In the second part, the story starts over in a lighter way, where they meet at the exact same temple and go to basically the same places together for the rest of the day, but this time, the events lead to a better conclusion.
Written by Hong, “Right Now, Wrong Then” is a great film that explores the various actions and dialogues that dictate the way the story will turn out, and is a terrific study of the nuances of screenwriting in a good romantic film.
4. Manhattan (Woody Allen)
Amongst Woody Allen fans, there’s always a discussion of which of his movies is his finest work: “Annie Hall” or “Manhattan”. Even though the director’s love for New York City has always been a constant theme in his work, his obsession with this city is even bigger in this movie that, by the way, begged United Artists to not release at the time.
In “Manhattan”, we can see a man who’s unsatisfied with his career and love life in the city he loves so much. Allen plays Isaac Davis, a writer who has a romantic view towards his hometown and is dating a girl much younger than him. After he quits his job writing for television, he is insecure about whether he will be able to make a living out of his writing while paying alimony to his two ex-wifes. To make the situation even more complicated, he becomes attracted to his friend’s lover.

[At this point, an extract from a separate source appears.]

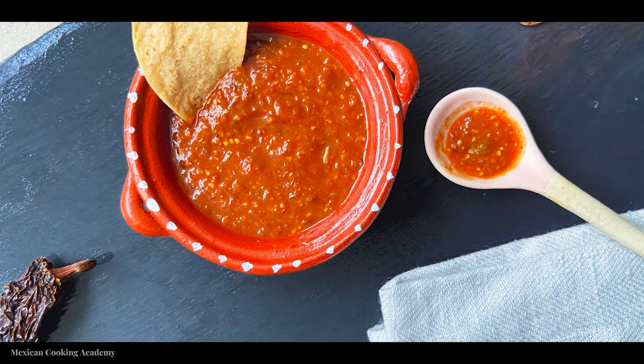Welcome to Mexican Cooking Academy, where we celebrate Mexican food, culture, and cuisine. For years now, I've been obsessed with Mexican food. And in September 2020, I decided to make a move down to Mexico and bring Mexican food out to the rest of the world. And that's what we are doing today — we are making chipotle chili salsa.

With some of the best dialogue in the filmmaker’s career, “Manhattan” has all the traces of the greatest Woody Allen movies allied to the precise cinematography by Gordon Willis (“The Godfather”).
3. Chloe in the Afternoon (or Love in the Afternoon) (Eric Rohmer)
The last part of acclaimed French director Eric Rohmer’s six moral tales, “Love in the Afternoon” follows a lawyer who, despite having a great job and an apparently perfect family, becomes closer to a woman who had a relationship with a close friend of his in the past.
With a story that does not go as expected, we can see a man who grows somehow attached to someone he is not very fond of because she reminds him of a time when things were simpler, and when he had the freedom he misses so much. His fantasies with women in his afternoons at work, and his love for literature that helps him escape all the places where he is obliged to be are signs that his methodic and successful life may not be going as well as we see in the beginning.
Written and directed by Rohmer, “Love in the Afternoon” is a pearl of 1970’s European art cinema, with amazing characters and great performances by Bernard Verley, Zouzou, and Françoise Verley.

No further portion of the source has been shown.